Let $A$ be an abelian group and let $C$ be a cyclic group. All central extensions of $C$ by $A$ are abelian because in any such extension
$$ 1\rightarrow A\rightarrow E\rightarrow C\rightarrow 1$$
any lift $x$ of a generator for $C$ to $E$ generates $E$ over $A$. Since $A\subset E$ is central, $x$ commutes with $A$, thus $E=\langle x,A\rangle$ is abelian.
Any 2-cocycle $f\in Z^2(C,A)$ allows the construction of such an $E$, in the usual way: $E:= \{(a,c):a\in A, c\in C\}$, with the group operation given by
$$(a,c)(a',c') = (aa'f(c,c'), cc')$$
since the action of $C$ on $A$ is trivial. Since $E$ is abelian by the above argument, this formula implies that $f$ is symmetric in its inputs!

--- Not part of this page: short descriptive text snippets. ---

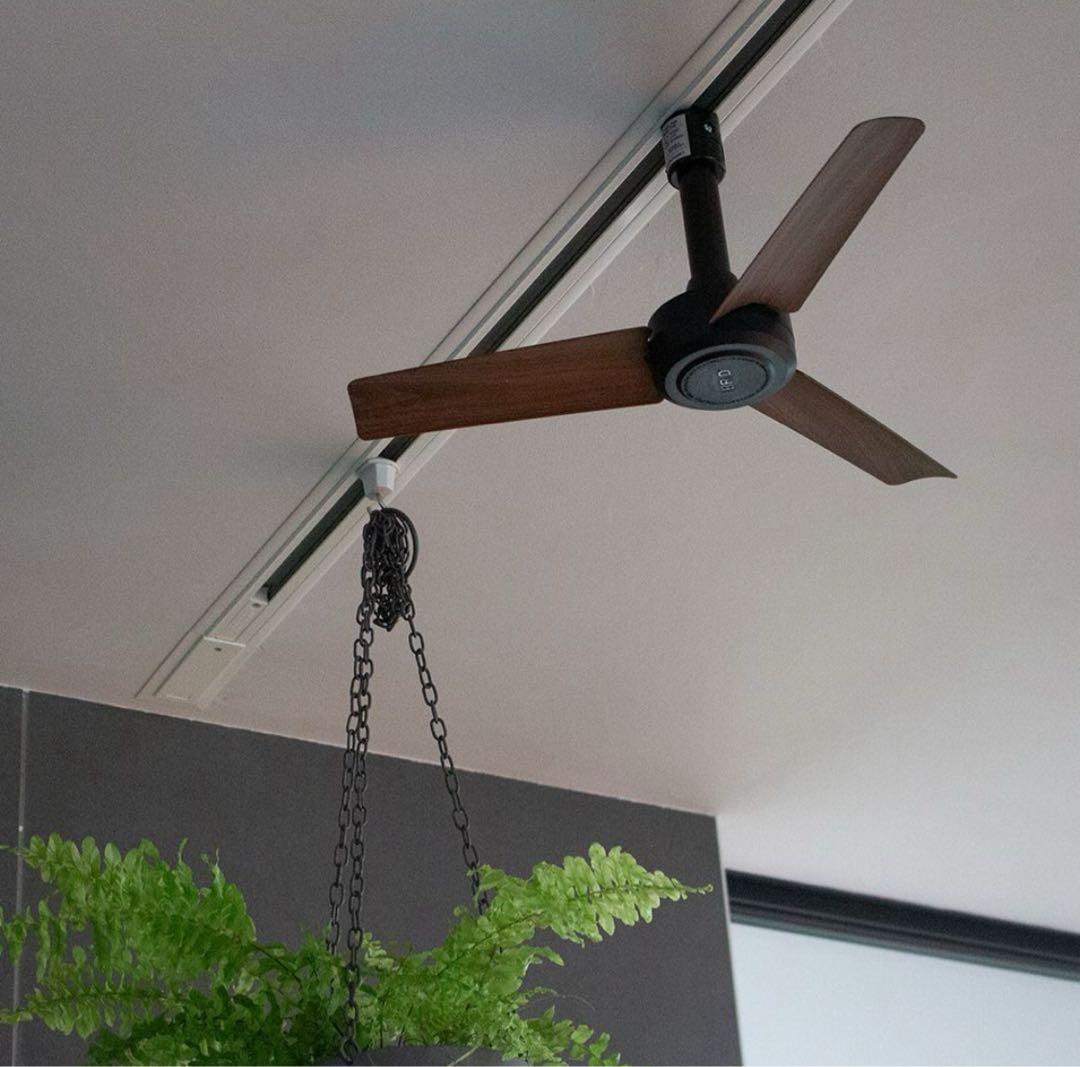 BRID ダクトレールファン 003389 WOOD BK×BR 2個セット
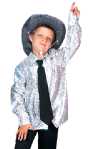 Costume Chemise disco Enfant argentExiste en :6A,10A,14A
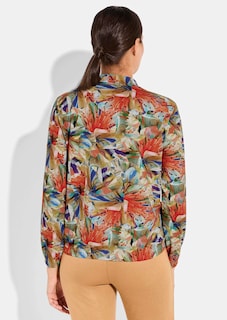 Gemusterte Freizeitjacke im Blouson-Schnitt thumbnail 2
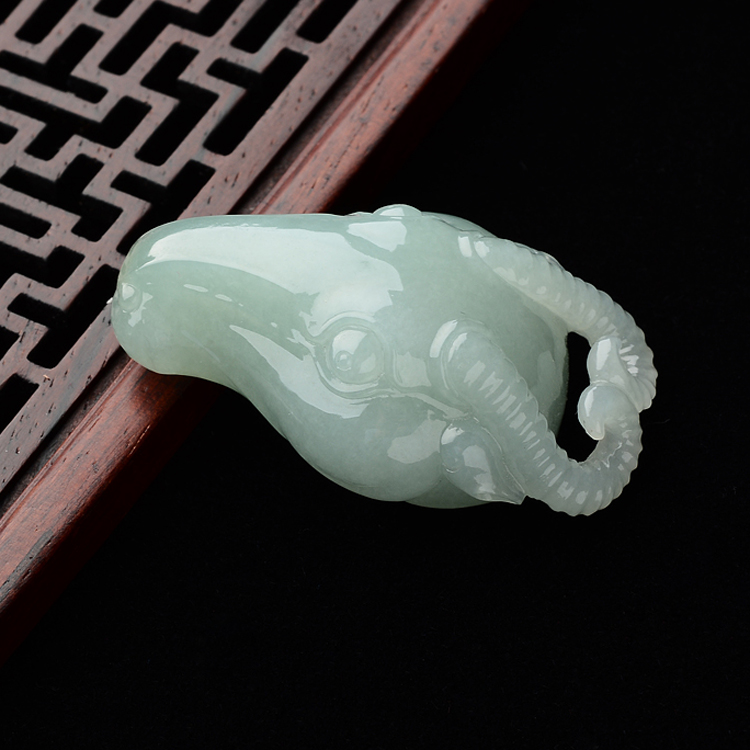 (超值推荐)糯冰种淡晴水喜气洋洋挂件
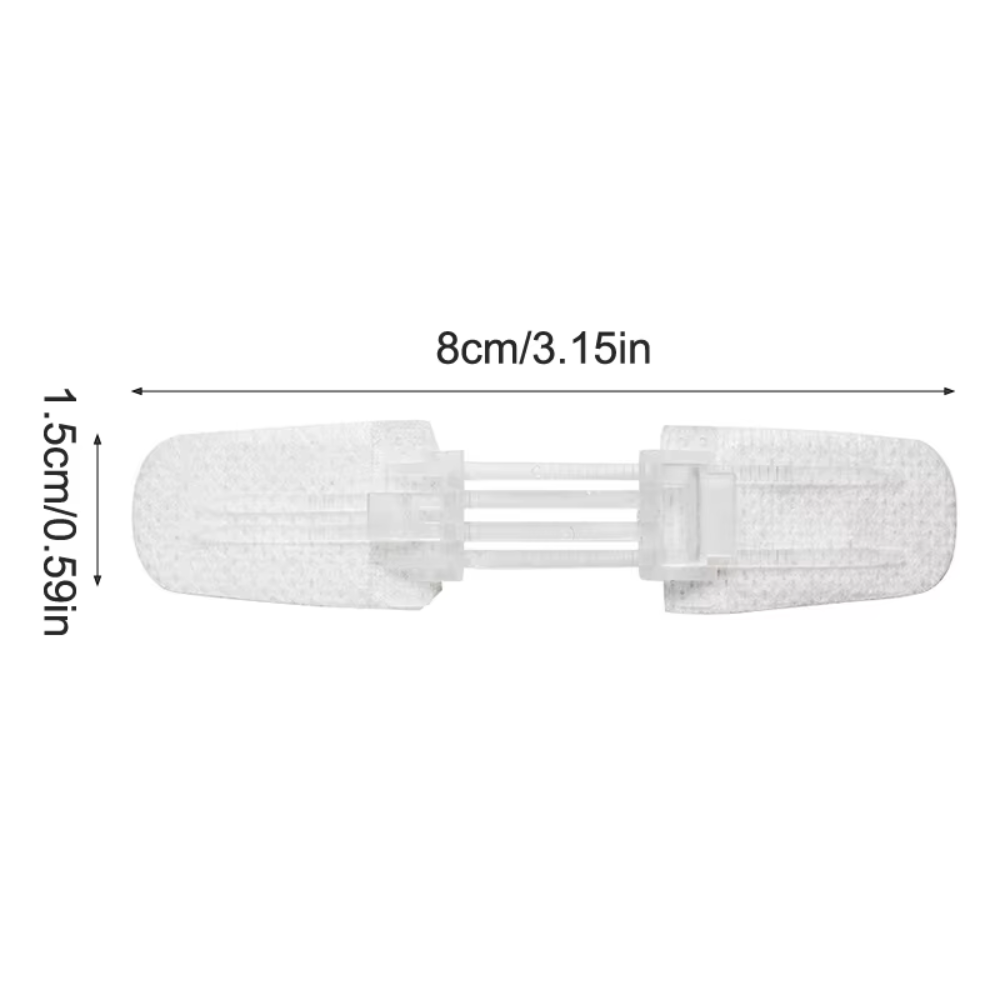 Portable First Aid Dressing Kit with Adjustable Zipper Closure Strips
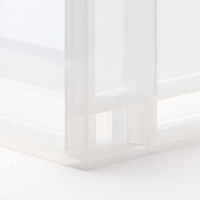 無印良品 ポリプロピレン 収納ラック 中 幅37×奥行26×高さ17.5cm 1セット（3個） 良品計画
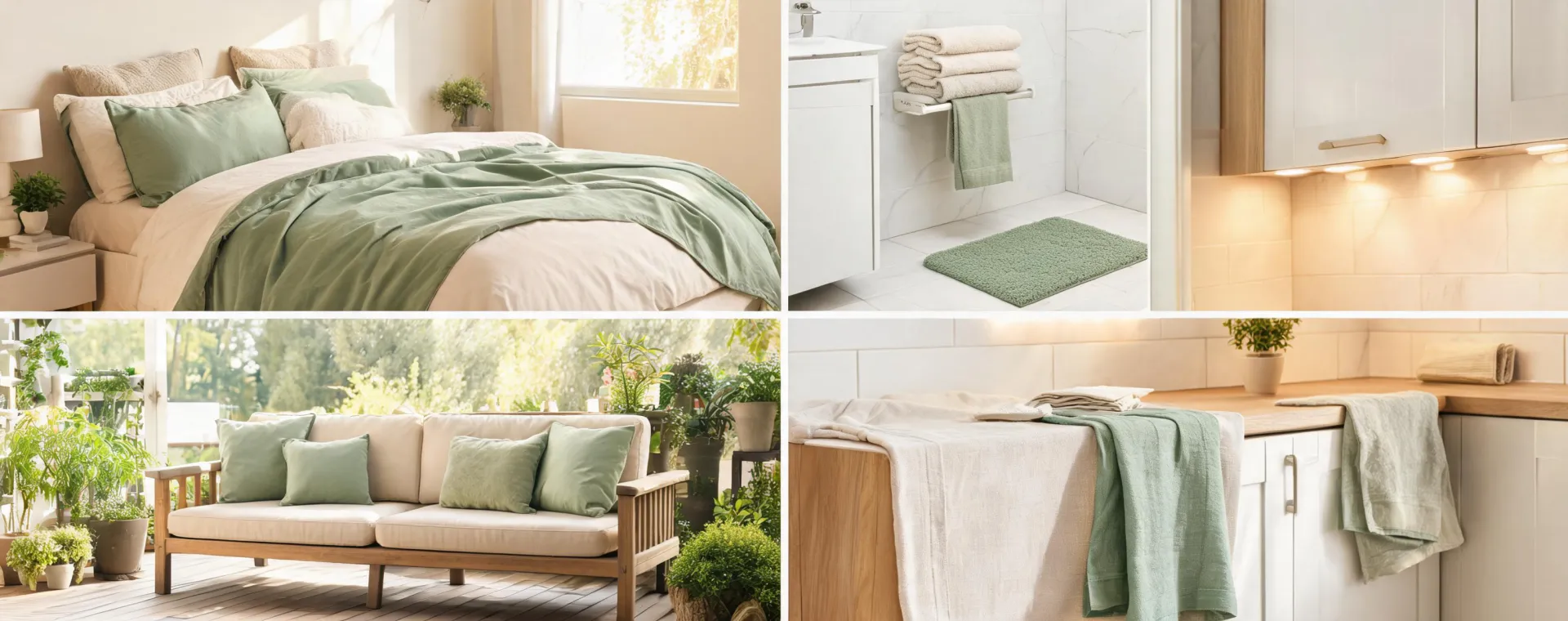 Four Slip room use cases in one warm home collage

Since this works for any cocycle, it must be that the symmetry is forced only by the cocycle condition
$$f(x,y)+ f(xy,z) = f(y,z) + f(x,yz)$$
and the fact that $C$ is cyclic.
Is there a direct way (without going through the group extensions) to see that the cocycle condition together with $C$ being cyclic imply that $f(x,y) = f(y,x)$?
My first thought was to let $x=r^a, y=r^b,z=r^c$, where $r\in C$ is a generator, and substitute into the cocycle condition. This basically reduces to the case $C=\mathbb{Z}$, but I don't see what to do next. The argument must use the cyclicness in an essential way, i.e. just abelianness is insufficient, since there do exist nonabelian central extensions of (noncyclic) abelian groups (e.g. $Q_8$ or more generally any extraspecial group).